--- Records shown ---
-=-=-

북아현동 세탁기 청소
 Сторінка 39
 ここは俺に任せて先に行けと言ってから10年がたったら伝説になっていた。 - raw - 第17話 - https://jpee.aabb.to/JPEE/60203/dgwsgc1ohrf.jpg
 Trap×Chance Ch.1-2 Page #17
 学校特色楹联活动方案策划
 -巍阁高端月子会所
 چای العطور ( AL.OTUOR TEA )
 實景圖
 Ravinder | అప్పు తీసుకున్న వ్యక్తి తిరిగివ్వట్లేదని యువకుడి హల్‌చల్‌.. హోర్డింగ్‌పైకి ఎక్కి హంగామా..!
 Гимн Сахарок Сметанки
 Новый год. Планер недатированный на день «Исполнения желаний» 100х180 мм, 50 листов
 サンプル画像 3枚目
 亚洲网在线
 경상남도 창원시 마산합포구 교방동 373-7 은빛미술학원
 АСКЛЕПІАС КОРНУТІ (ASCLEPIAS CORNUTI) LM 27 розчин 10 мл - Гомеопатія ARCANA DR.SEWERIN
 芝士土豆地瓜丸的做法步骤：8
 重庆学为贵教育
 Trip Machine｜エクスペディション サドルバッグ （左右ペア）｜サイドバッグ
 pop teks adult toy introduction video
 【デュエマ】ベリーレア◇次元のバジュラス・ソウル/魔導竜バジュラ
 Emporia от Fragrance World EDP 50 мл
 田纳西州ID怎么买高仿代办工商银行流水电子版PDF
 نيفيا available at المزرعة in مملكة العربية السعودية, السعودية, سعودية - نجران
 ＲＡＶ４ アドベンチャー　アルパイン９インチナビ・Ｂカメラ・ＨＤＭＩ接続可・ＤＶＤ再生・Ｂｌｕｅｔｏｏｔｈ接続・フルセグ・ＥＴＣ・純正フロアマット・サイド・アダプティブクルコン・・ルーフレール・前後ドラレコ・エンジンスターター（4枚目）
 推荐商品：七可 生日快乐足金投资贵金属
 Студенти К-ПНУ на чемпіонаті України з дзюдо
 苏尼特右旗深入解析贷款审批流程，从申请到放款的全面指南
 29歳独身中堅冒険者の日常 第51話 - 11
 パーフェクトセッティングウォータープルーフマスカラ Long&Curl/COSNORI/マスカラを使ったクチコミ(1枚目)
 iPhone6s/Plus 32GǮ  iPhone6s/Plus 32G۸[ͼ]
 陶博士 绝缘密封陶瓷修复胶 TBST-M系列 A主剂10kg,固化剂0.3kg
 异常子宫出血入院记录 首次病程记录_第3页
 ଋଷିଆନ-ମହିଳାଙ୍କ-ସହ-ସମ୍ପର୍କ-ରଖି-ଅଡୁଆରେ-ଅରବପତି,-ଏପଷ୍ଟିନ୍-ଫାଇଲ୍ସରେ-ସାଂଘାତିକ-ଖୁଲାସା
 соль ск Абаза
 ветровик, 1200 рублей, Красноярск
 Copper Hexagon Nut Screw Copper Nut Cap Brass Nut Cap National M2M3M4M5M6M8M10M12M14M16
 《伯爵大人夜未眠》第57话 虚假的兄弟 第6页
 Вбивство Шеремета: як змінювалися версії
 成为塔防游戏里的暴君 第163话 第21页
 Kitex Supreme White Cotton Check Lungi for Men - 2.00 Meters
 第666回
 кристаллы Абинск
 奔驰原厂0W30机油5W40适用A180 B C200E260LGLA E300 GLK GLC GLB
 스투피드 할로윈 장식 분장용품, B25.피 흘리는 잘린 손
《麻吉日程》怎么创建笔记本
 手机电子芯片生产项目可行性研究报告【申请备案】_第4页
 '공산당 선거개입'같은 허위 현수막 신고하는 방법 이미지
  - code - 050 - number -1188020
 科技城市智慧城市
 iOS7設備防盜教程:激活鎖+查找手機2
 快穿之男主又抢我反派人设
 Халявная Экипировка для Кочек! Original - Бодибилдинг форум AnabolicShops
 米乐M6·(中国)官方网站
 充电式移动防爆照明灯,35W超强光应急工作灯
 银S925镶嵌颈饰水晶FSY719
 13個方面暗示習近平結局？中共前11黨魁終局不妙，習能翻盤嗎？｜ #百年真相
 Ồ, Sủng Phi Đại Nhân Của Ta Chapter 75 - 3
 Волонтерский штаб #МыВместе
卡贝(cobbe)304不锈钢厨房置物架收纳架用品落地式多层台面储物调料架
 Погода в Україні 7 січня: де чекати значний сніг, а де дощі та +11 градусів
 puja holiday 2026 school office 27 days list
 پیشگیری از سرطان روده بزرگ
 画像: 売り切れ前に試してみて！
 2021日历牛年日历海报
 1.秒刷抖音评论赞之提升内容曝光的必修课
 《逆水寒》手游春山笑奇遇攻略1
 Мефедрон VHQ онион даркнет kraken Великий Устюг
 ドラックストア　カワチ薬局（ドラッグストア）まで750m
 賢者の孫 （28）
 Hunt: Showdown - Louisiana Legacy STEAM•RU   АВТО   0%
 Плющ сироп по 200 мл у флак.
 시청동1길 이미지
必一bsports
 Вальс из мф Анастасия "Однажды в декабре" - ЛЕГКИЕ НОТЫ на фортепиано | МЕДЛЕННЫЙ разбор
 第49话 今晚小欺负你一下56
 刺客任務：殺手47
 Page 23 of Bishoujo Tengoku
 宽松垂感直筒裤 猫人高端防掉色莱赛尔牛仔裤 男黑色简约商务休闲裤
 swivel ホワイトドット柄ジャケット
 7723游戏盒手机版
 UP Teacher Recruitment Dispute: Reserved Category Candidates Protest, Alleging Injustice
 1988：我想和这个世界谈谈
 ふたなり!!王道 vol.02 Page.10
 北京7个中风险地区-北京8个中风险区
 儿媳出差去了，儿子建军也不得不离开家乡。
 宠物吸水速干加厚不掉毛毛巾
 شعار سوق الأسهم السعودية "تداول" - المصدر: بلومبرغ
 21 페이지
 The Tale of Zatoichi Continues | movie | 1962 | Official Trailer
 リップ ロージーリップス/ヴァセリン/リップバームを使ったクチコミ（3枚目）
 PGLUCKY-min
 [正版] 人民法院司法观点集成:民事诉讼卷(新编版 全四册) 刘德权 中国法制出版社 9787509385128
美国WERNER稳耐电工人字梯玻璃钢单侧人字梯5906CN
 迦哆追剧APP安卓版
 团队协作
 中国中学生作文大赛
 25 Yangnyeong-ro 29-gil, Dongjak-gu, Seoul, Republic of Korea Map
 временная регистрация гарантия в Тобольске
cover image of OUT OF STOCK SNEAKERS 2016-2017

-=-=-

--- What the task asks ---
Count up every line above that has the word "Page" in it; answer with the number alone.

--- Output below ---
3